- [What you will do]: Please copy every line below that contains the string "Cover".

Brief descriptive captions
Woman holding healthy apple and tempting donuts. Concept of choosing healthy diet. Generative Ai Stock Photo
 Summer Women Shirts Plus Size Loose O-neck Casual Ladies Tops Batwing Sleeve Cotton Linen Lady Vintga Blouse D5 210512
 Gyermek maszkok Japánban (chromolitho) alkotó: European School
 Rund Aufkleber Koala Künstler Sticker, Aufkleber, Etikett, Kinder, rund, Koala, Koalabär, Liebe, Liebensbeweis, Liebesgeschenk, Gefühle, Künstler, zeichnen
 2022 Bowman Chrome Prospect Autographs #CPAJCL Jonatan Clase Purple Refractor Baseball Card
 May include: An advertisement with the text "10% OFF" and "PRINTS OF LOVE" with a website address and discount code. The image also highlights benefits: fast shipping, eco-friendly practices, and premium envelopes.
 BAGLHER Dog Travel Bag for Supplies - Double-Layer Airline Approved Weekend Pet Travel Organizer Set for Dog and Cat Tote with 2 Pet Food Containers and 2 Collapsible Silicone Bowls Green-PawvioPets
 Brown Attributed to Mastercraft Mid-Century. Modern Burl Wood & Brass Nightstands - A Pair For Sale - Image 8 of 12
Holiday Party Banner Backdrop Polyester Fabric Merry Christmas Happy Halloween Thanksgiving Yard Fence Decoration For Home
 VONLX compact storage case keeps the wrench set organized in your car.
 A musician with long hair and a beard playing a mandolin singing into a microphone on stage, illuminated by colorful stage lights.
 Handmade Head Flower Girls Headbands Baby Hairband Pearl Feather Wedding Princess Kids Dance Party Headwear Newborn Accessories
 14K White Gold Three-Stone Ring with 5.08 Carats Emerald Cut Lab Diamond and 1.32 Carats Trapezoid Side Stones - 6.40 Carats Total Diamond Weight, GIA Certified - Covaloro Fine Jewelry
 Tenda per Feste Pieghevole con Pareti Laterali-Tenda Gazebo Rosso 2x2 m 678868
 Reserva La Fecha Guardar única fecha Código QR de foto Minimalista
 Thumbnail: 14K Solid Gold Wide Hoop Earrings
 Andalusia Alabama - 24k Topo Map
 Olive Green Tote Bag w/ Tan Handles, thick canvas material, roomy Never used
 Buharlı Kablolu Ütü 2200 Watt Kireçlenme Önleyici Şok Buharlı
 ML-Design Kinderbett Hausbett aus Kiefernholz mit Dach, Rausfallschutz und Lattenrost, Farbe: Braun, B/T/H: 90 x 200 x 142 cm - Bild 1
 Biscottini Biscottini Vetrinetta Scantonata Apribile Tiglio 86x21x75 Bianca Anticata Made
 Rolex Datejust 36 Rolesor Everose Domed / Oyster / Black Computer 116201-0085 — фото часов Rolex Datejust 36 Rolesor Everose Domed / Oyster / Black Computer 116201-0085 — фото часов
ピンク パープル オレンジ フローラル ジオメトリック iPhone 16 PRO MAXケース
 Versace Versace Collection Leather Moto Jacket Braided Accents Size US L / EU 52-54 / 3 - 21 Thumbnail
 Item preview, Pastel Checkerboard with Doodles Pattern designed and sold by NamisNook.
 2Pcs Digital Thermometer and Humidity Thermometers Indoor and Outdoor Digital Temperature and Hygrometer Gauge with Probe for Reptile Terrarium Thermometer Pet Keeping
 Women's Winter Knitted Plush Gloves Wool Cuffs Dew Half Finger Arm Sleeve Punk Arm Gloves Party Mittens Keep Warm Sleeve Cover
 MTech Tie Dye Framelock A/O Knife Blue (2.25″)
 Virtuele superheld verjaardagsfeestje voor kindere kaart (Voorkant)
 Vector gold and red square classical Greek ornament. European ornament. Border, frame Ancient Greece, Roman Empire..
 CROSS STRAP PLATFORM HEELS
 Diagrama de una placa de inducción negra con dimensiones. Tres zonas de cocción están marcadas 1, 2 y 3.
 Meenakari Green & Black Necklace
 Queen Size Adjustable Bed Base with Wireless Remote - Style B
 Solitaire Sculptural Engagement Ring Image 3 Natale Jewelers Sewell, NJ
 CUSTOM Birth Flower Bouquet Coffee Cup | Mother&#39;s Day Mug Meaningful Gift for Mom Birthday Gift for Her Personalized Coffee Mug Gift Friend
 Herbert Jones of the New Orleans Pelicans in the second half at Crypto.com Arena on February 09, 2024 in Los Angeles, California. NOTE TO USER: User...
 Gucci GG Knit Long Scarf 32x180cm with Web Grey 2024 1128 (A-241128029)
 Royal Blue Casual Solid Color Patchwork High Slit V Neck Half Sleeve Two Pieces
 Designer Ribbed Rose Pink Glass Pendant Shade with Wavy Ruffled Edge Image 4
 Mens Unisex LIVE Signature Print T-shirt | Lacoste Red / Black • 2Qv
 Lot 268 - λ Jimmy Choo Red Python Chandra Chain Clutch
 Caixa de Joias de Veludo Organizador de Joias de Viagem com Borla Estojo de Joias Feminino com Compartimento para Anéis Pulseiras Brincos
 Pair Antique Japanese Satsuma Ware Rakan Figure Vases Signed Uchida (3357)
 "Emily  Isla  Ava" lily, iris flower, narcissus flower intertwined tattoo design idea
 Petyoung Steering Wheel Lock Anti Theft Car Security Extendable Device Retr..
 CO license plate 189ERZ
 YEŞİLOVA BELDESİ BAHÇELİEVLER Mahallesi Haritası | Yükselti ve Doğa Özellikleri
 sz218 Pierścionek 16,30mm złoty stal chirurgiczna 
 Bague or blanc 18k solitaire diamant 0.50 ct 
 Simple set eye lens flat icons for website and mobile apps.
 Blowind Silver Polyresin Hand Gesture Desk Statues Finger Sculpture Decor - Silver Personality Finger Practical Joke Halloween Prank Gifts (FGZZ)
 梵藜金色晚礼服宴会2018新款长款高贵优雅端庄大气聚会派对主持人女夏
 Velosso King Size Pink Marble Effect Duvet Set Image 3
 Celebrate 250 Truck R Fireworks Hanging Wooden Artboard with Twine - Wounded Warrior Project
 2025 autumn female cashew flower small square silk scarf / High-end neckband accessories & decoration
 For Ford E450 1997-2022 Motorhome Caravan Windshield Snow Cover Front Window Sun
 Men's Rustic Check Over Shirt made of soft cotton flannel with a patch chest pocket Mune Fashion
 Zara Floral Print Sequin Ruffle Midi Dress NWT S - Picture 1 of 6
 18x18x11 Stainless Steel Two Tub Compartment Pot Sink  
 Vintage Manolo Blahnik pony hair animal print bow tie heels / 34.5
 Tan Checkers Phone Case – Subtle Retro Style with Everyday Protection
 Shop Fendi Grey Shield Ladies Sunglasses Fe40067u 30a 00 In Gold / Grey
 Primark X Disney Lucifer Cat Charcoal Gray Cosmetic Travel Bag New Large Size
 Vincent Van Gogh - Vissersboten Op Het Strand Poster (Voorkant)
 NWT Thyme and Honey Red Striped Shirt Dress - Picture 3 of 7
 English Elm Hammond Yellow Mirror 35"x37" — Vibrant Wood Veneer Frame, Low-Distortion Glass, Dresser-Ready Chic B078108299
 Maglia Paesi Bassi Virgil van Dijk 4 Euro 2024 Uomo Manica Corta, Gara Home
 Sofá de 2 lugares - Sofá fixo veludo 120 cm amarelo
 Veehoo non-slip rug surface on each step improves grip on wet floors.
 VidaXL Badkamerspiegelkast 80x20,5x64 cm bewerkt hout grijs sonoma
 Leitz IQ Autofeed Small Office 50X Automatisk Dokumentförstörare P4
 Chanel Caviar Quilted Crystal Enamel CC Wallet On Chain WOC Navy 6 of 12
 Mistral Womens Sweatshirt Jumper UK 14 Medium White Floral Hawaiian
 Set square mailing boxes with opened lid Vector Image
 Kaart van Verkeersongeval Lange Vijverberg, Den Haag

- [Solution below]:
 Women's Winter Knitted Plush Gloves Wool Cuffs Dew Half Finger Arm Sleeve Punk Arm Gloves Party Mittens Keep Warm Sleeve Cover
 For Ford E450 1997-2022 Motorhome Caravan Windshield Snow Cover Front Window Sun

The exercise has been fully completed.